======== Data for this exercise
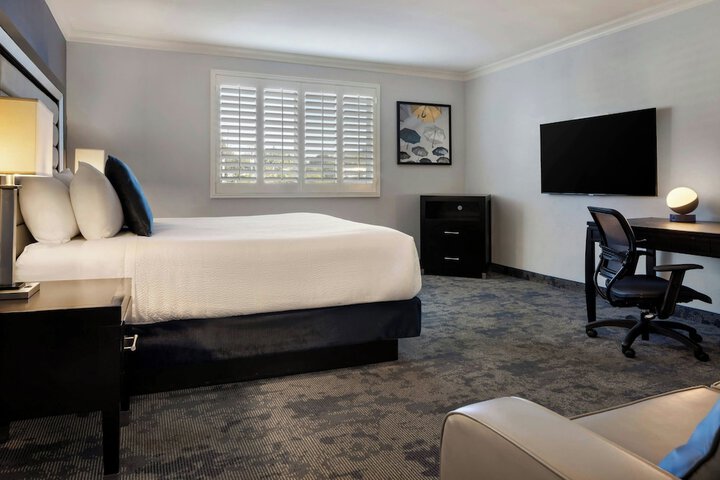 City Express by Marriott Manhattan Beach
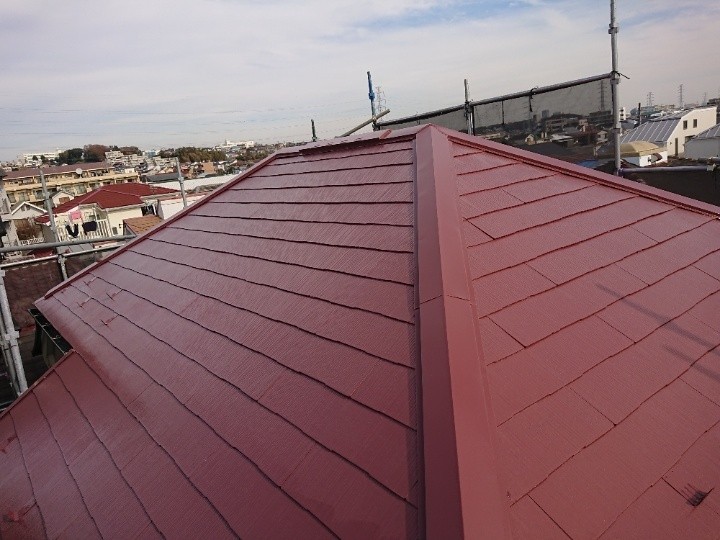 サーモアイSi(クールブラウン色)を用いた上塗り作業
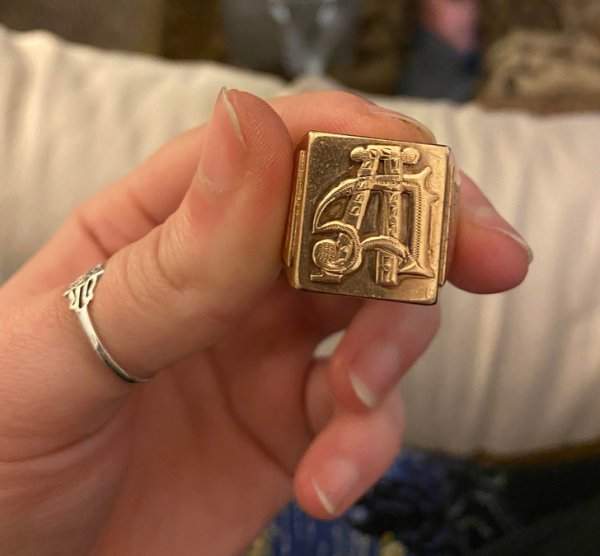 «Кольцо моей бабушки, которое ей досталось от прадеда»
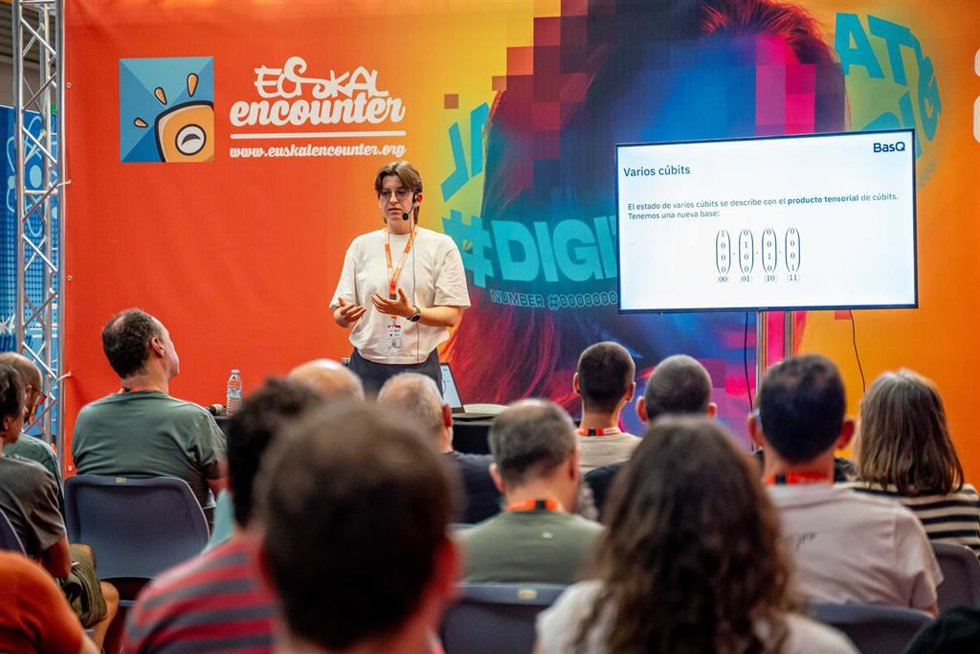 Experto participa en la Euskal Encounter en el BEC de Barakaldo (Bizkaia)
================
======== Data for this exercise
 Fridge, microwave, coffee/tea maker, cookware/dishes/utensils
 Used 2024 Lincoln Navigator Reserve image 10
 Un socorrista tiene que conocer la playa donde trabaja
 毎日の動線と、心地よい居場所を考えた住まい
================
======== Data for this exercise
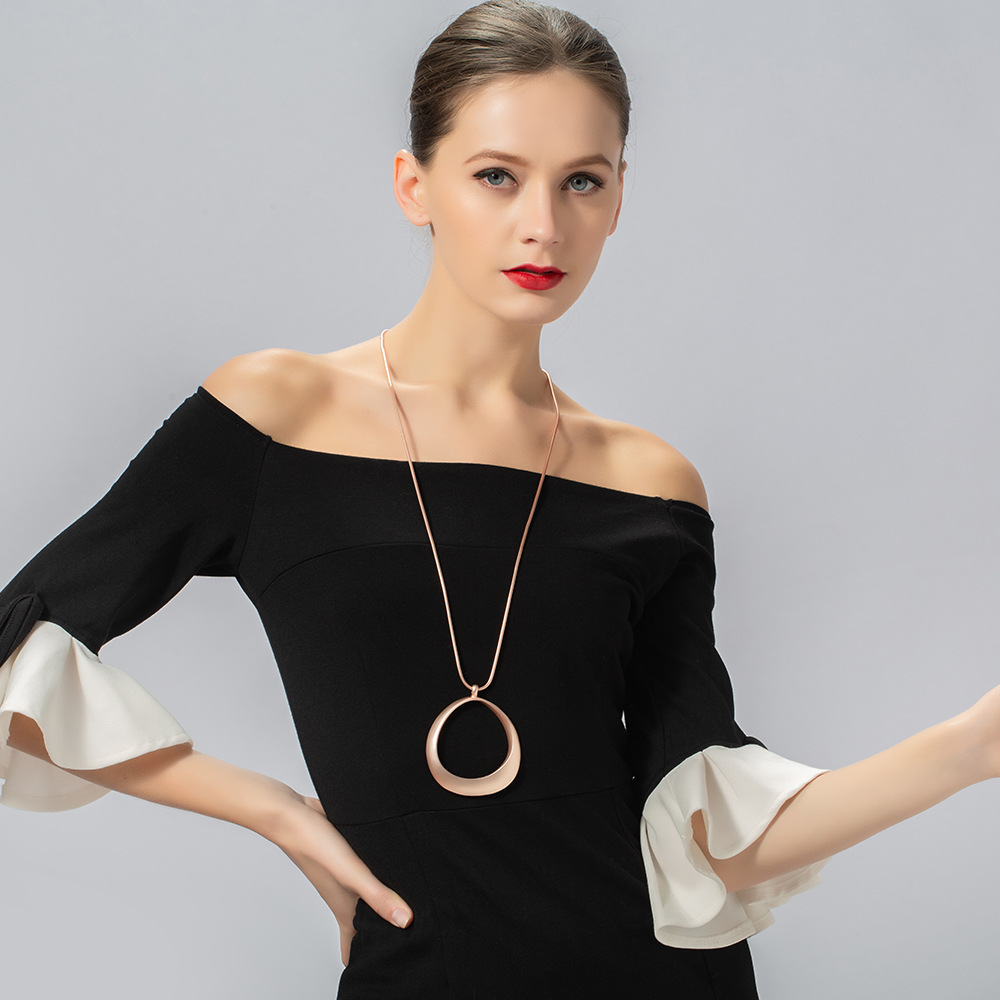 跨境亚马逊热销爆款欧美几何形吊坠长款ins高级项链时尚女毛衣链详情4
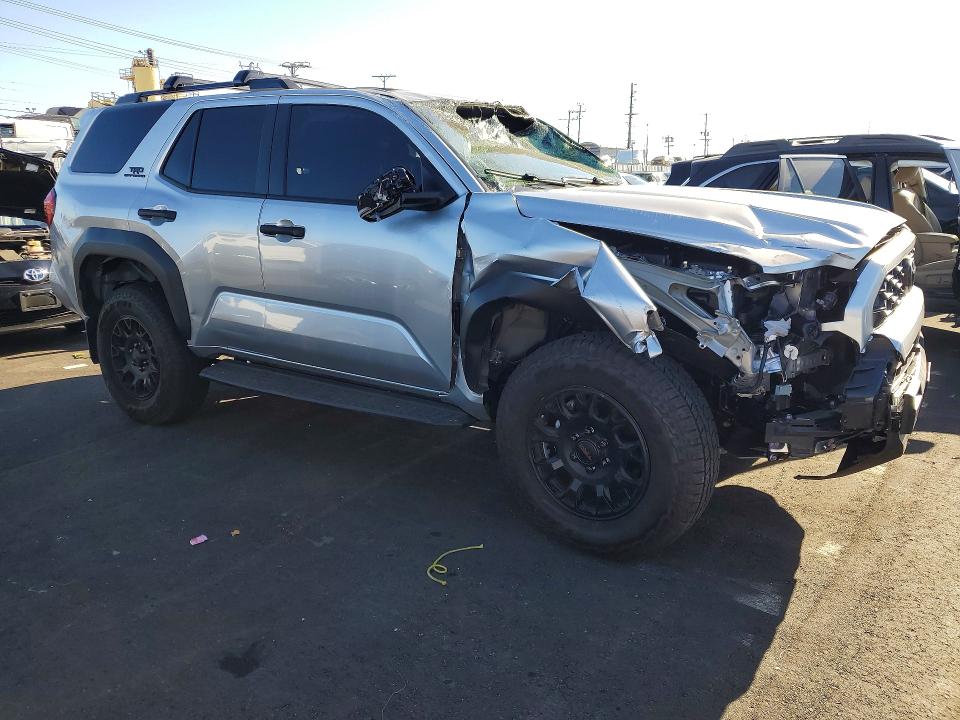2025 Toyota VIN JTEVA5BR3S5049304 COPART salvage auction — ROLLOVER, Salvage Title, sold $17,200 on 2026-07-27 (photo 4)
================
From the listing above, restate verbatim the lines running from the one with "跨境亚马逊热销爆款欧美几何形吊坠长款ins高级项链时尚女毛衣链详情4" through the one with "2025 Toyota VIN", inclusive, but not the pictures.

 跨境亚马逊热销爆款欧美几何形吊坠长款ins高级项链时尚女毛衣链详情4
2025 Toyota VIN JTEVA5BR3S5049304 COPART salvage auction — ROLLOVER, Salvage Title, sold $17,200 on 2026-07-27 (photo 4)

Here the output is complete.